03/24/2026 | Press release | Distributed by Public on 03/24/2026 08:06

VCU author’s new book sheds light on Nazi women and war crimes

By Sian Wilkerson

At the start of her latest book, Jessica Trisko Darden invites readers to imagine a Nazi, someone directly involved in the murder of thousands. As the mind inevitably wanders to male faces, the Virginia Commonwealth University author continues, "What does she look like?"

"Women have long been portrayed as vulnerable in times of war, but what of the women who defy this characterization?" said Trisko Darden, Ph.D., an associate professor in the Department of Political Science in the College of Humanities and Sciences whose research looks at women as political actors. "Some of the most heinous acts committed in the name of Nazism were perpetrated by women - young and old, single and married, mothers and childless - going about their everyday lives."

Released this month, "The Accused: How Women Faced Justice for Nazi-Era Crimes" is Trisko Darden's examination of hundreds of Nazi atrocity criminal cases, prosecuted in Germany and formerly Nazi-occupied countries, to understand what led women to commit war crimes - and the consequences they ultimately faced.

VCU News spoke to Trisko Darden about her research and the wide-ranging women perpetrators of "The Accused."

What is the origin of "The Accused"?

On my first trip to the United States Holocaust Memorial Museum in Washington, I did what I typically do at museums: check out the gift shop. At the time, I was researching women's involvement in the emerging conflict in Eastern Ukraine, which erupted into full-scale war between Russia and Ukraine in 2022.

While I was walking around the gift shop, I saw Wendy Lower's 2013 book, "Hitler's Furies," on the shelves. Here was a book examining women's participation in political violence in a very different context: the Holocaust.

Lower's research unnerved me in what could only be termed an "academically productive" way. I went on to write a book and several articles on women's involvement in the war in Ukraine as well as contemporary war crimes in other contexts.

Still, I was plagued by a question that I just couldn't let go: How many women were involved in Nazi-era crimes?

So, how did you go about answering that question?

I emailed prominent scholars asking whether they knew how many women had been charged with war crimes in their respective countries. I was told that records had been destroyed or were still locked up, if they were kept at all.

Finally, I turned to the reference librarians at the United States Holocaust Memorial Museum to see if they knew of more stones for me to overturn. There, where my very obsession with the question of the extent of women's involvement in the crimes of the Holocaust began, I received the beginning of the answer: I could simply count them. So, I spent the next three years doing just that.
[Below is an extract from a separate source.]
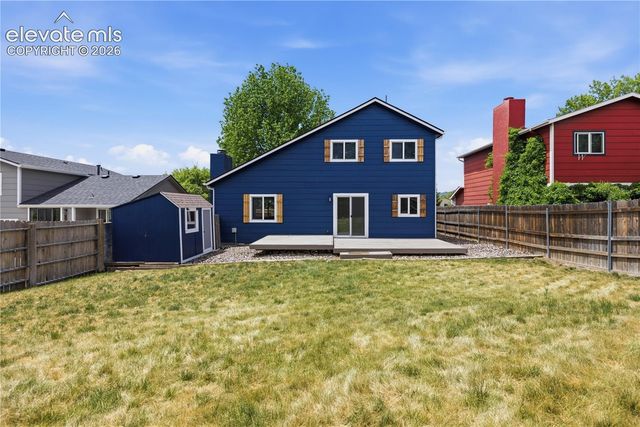 7440 Churchwood Circle, Colorado Springs, CO 80918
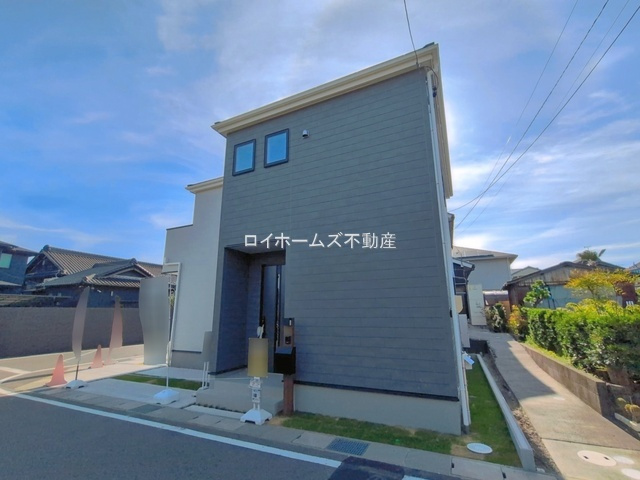  | 名古屋市港区東茶屋１丁目494『仲介料無料』新築戸建て | 撮影：'26/07/14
Were you surprised by what you found?

I was certainly surprised by the wide range of women who were accused of participating in Nazi-era crimes. There was no one "type." Elderly women, who came of age well before the Nazis came to power, reported Jewish women for failing to wear their mandatory yellow Jewish stars. Young women who had just finished school went to work in concentration camps. Even best friends or sisters-in-law turned on one another and used the Nazi system to settle scores.

Widely held conceptions of war criminals can be one-dimensional. But you argue that there is far more nuance.

Examining women's power in context - by focusing on the conditions under which women perpetrated atrocity crimes, rather than solely on the specific crimes that they committed - provides a more holistic understanding of women's behavior and can help us understand why such a broad range of women were accused of Nazi-era crimes.

It is undoubtedly true that women suffer, in unique ways, during war. However, women nevertheless have access to unique sources of power and influence that are not available to all men, and even the most oppressed and underprivileged women still have personal agency.

The book argues that we need to pay more attention to the complex relationships between gender, race (Jews were defined as a distinct race) and power in Nazi Germany. The interaction of these factors shaped whether women had access to power and how that power could be harnessed.

Can you share some examples?

For instance, empowered perpetrators benefited from the racial policy of Nazi Germany and the privileges given to Nazi Party members. The women I call subjected servants had formal roles in the Nazi regime as teachers, nurses, etc. and were protected from persecution, but for the most part they were simply trying to do their jobs as they understood them in a turbulent time. In comparison, opportunistic beneficiaries used the Nazi system to their advantage by exploiting forced laborers, attempting to appropriate property or obtaining divorces.

Some of the most interesting stories in "The Accused" are about those who were entangled victims - who were victimized by the Nazi regime but nevertheless put in positions where they committed crimes on its behalf.

For instance, unemployed German women were subject to conscription into the military. They were put to work in military factories or as guards in concentration camps. This was also true of women who were imprisoned because they violated Nazi law by, for instance, having personal relationships with Jewish or Polish men. Once in the camps, these German women were privileged in comparison with Jewish and other prisoners who faced extermination. But their stories are complex and worthy of our investigation.

What can this history teach us in the present?

We should never underestimate women's contributions, no matter what the context. We tend to think of women exclusively as victims, but women are also regime supporters and enforcers. Women commit acts of terrorism and violence. We do history a disservice when we look away from this reality.